That it 'seems' to happen more in the schools can be explained by the lack of discretion that those in authority may perceive that they have. IOW, their hands may be tied. For some that is a frustration. For others a relief.

December 19


» IOW, their hands may be tied. For some that is a frustration. For others a relief. «

Ooooo! Good one! You have a future in the punditocracy, methinks.

As to the research, the 100 incidents chronicled on my site represent a fraction (not sure of the size of the fraction) of the total stories during that time. I focused on stories involving zero tolerance in the schools, but I didn't see every one. I only saw those that made national news, so there is an additional filter in place to the one you mention; i.e., the actual number of incidents vs. the number that were reported in the news.

One could just as well apply the same filter to reports of DEA agents breaking down the wrong door or incidents of racially motivated police harassment. What does it mean when those incidents are reported in the news? Sometimes it's enough to set off firings, police dept. investigations, protests, etc. Are those sorts of reactions justified or appropriate based on the total number of incidents? It's immaterial, really; the outcry and the reaction is still there, appropriate or not.
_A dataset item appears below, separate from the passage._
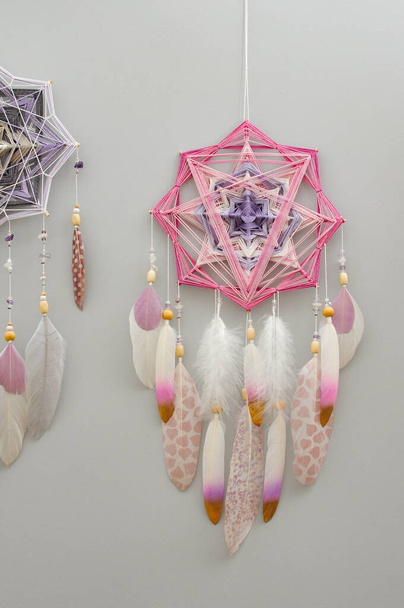Handmade woven mandala dream catcher with feathers and amethyst beads on grey background - Photo, Image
As far as zero tolerance policies go, the more reports there are of such things the better, as far as I'm concerned. Those reports may lead to a greater acceptance of school choice, vouchers, alternative schools, etc.

Steve Erbach
December 19

Dear Steve,

While I share certain sympathies with your position on this matter, lemme ask you this: Had this girl stabbed another girl with that "weapon", would you still maintain your position? Or, would you have asked "where were the responsible adults in this situation?" That's a rhetorical question.

Re: "I keep finding and reacting to these things"...yep! "Reacting" is the key reason that these laws, regulations and law enforcement is involved. Given the climate of the times (Columbine and it's clones), most responsible people wouldn't have it any other way.

You must have led a sheltered life...I entered a public high school almost fifty years ago (in rural Sauk County, Wisconsin): Here are merely some of the reasons you could be (and were) arrested for:

- Possession of any firearm, any knife with a blade greater than four inches (including steak knives), razor blades, slingshots, zip guns, clubs, ice picks, brass knuckles, steel-toed boots, fireworks, ammunition, etc.

- Possession of drugs, whether legally-prescribed or illegal, condoms, any tobacco product, liquor, pornography (including Playboy magazine), stolen property (including overdue library books), suggestive lingerie, etc.

-Truancy, assault (including verbal), battery, inappropriate sexual contact, etc.

You could be suspended or even expelled for:

- Fighting, wearing jeans or leather jackets, wearing suggestive clothing (girls were not allowed to wear pants of any kind...except in winter), wearing shorts, drunkenness or inappropriate / disruptive behavior (including cursing), smoking, pregnancy and a whole host of other offenses.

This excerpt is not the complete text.